AdrienPoupa / docker-compose-nas

Simple Docker Compose NAS featuring Sonarr, Radarr, Prowlarr, Jellyfin, qBittorrent, PIA VPN and Traefik with SSL support
990 stars 127 forks source link

LE certificates error "could not find the start of authority" #27

Closed lucyannofrota closed 1 year ago

lucyannofrota commented 1 year ago

I did the configuration as suggested in the repository except for the VPN. Everything seems to be working as expected, but I cannot get the SSL certificates to work.

I'm using cloudflare domain and DNS.

I'm getting this error in the traefik container:

level=debug msg="legolog: [INFO] [MySubDomain.MyDomain.com] AuthURL: https://acme-staging-v02.api.letsencrypt.org/acme/authz-v3/9999999999"
level=debug msg="legolog: [INFO] [MySubDomain.MyDomain.com] acme: Could not find solver for: tls-alpn-01"
level=debug msg="legolog: [INFO] [MySubDomain.MyDomain.com] acme: Could not find solver for: http-01"
level=debug msg="legolog: [INFO] [MySubDomain.MyDomain.com] acme: use dns-01 solver"
level=debug msg="legolog: [INFO] [MySubDomain.MyDomain.com] acme: Preparing to solve DNS-01"
level=debug msg="legolog: [INFO] [MySubDomain.MyDomain.com] acme: Cleaning DNS-01 challenge"
level=debug msg="legolog: [WARN] [MySubDomain.MyDomain.com] acme: cleaning up failed: cloudflare: could not find the start of authority for _acme-challenge.MySubDomain.MyDomain.com.: NOERROR "
level=debug msg="legolog: [INFO] Deactivating auth: https://acme-staging-v02.api.letsencrypt.org/acme/authz-v3/9999999999"
level=debug msg="Serving default certificate for request: \"localhost\""
level=error msg="Unable to obtain ACME certificate for domains \"MySubDomain.MyDomain.com\": unable to generate a certificate for the domains [MySubDomain.MyDomain.com]: error: one or more domains had a problem:\n[MySubDomain.MyDomain.com] [MySubDomain.MyDomain.com] acme: error presenting token: cloudflare: could not find the start of authority for _acme-challenge.MySubDomain.MyDomain.com.: NOERROR\n" routerName=sonarr@docker rule="(Host(`MySubDomain.MyDomain.com`) && PathPrefix(`/sonarr`))" providerName=myresolver.acme ACME CA="https://acme-staging-v02.api.letsencrypt.org/directory"

Here's the changes that I've made in the docker compose:

version: "3.9"
services:
  traefik:
    command:
      - --log.level=DEBUG
  qbittorrent:
      # network_mode: "service:vpn"
      # depends_on:
      #   vpn:
      #     condition: service_healthy
      labels:
        - homepage.widget.url=http://qbittorrent:8080
  # vpn:
  jellyfin:
    # devices:
    #   - /dev/dri/renderD128:/dev/dri/renderD128
    #   - /dev/dri/card0:/dev/dri/card0
AdrienPoupa commented 1 year ago

Hi, I see you are querying the staging Let's Encrypt server.
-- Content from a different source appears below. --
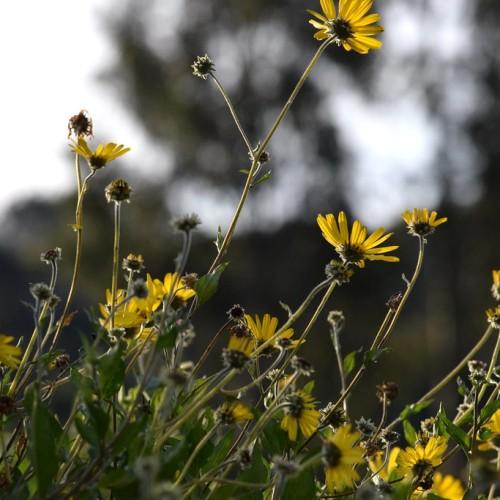 Yellow flowers with green sepal, lime-green petiole and green leaves.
Is that intended?

Otherwise, Googling the issue does not yield lots of good results, with people saying it's coming from the network, or it is a model MTU issue, or people saying you need to delete and add DNS records again: https://community.traefik.io/t/could-not-find-the-start-of-authority-acme-dns/13978

lucyannofrota commented 1 year ago

The staging server is intentional for test purposes, and I assume it should be able to emit the certificate pretty much like the prod server.

I think It should be a problem with the DNS, either the API tokens or the Records. Can you share the DNS records and the API token configurations that you used to get your certificates working? (without sensitive information of course!).
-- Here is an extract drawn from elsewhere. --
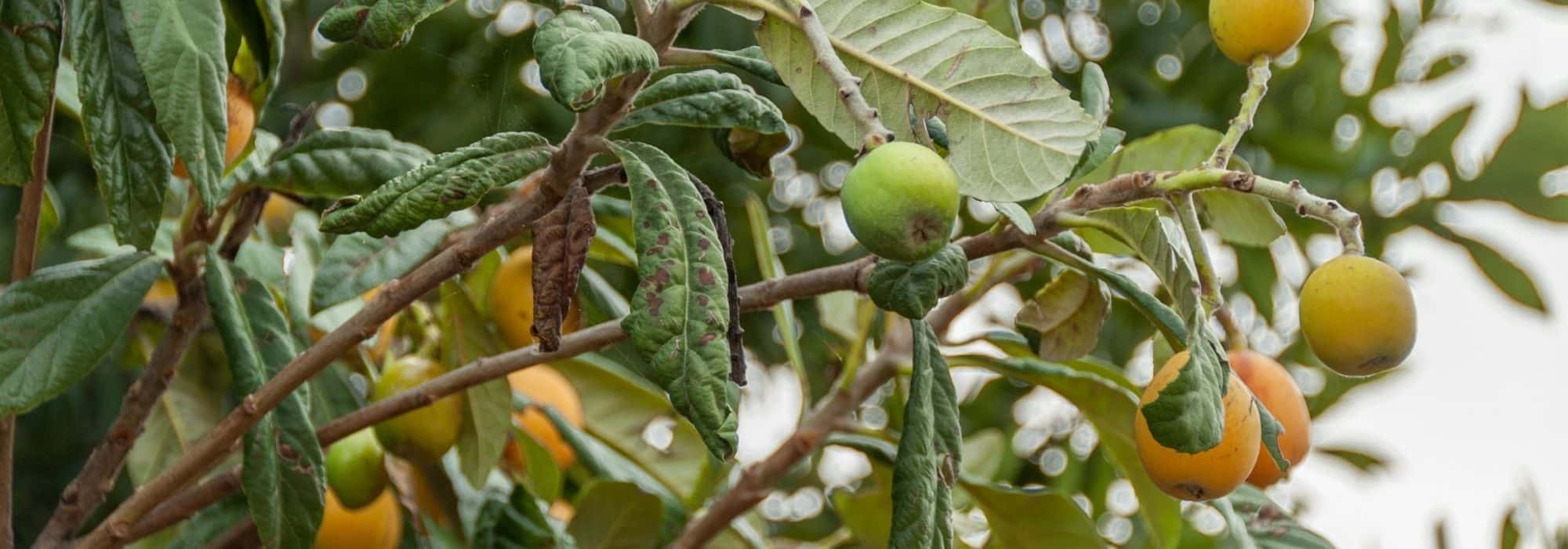 ¿Cómo podar níspolas?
Token name          Permissions      Resources     Status
DNS API EDIT        Zone.DNS         1 Zone        Active
ZONE API READ       Zone.Zone        All zones     Active

Any tips or suggestions on how to debug this are welcome.

AdrienPoupa commented 1 year ago

Where do you want to access your server from? I don't have any CNAMEs, just an A subdomain record pointing to my internal private IP. If the config is pointing to the CNAME record that could be the issue.
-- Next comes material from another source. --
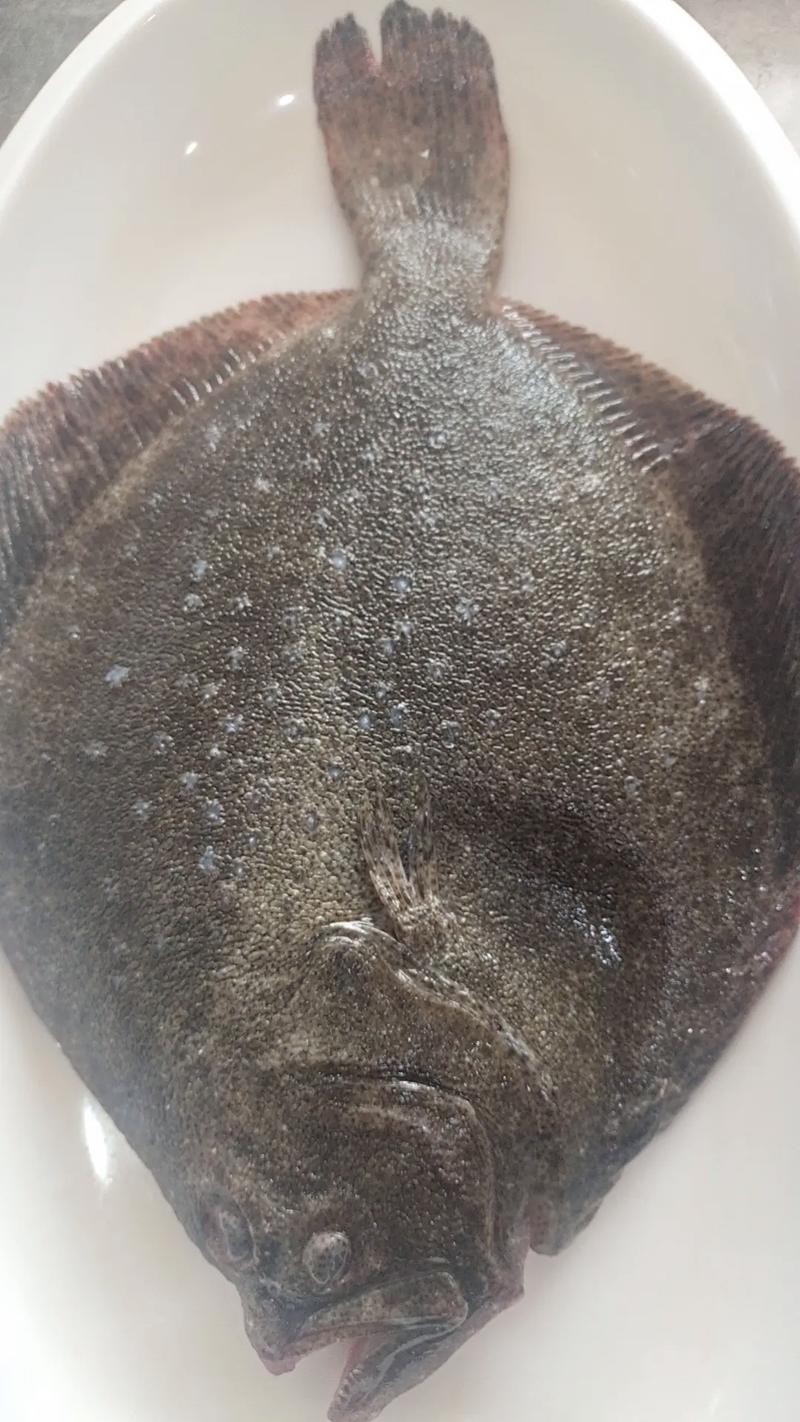 多寶魚長什么樣子圖片【《多寶魚的外貌特征》】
My token looks similar, anyway if it was a token permission issue I think you would get a different error

image

lucyannofrota commented 1 year ago

First of all, thanks for your attention @AdrienPoupa. I really appreciate your effort.

I solved the problem by adding the following line:

version: "3.9"
services:
  traefik:
    command:
      - --certificatesresolvers.myresolver.acme.dnschallenge.resolvers=1.1.1.1:53,8.8.8.8:53

It seems to be a problem to resolve with the FQDN authority. [Traefik documentation]

Here are a few related issues that helped me to get to the solution for anyone who wants to go deeper:

https://letsdebug.net/ -> A great tool to see if your requests are right

Maybe it's a good idea to add --certificatesresolvers.myresolver.acme.dnschallenge.resolvers=1.1.1.1:53,8.8.8.8:53 to the main branch. It will avoid problems to resolve the DNS in cases of cloudflare (1.1.1.1) and google (8.8.8.8).

AdrienPoupa commented 1 year ago

Turns out it's always either a cache issue or a DNS issue ;)

Great investigation, thanks for reporting your findings. I have updated the configuration with your suggestion.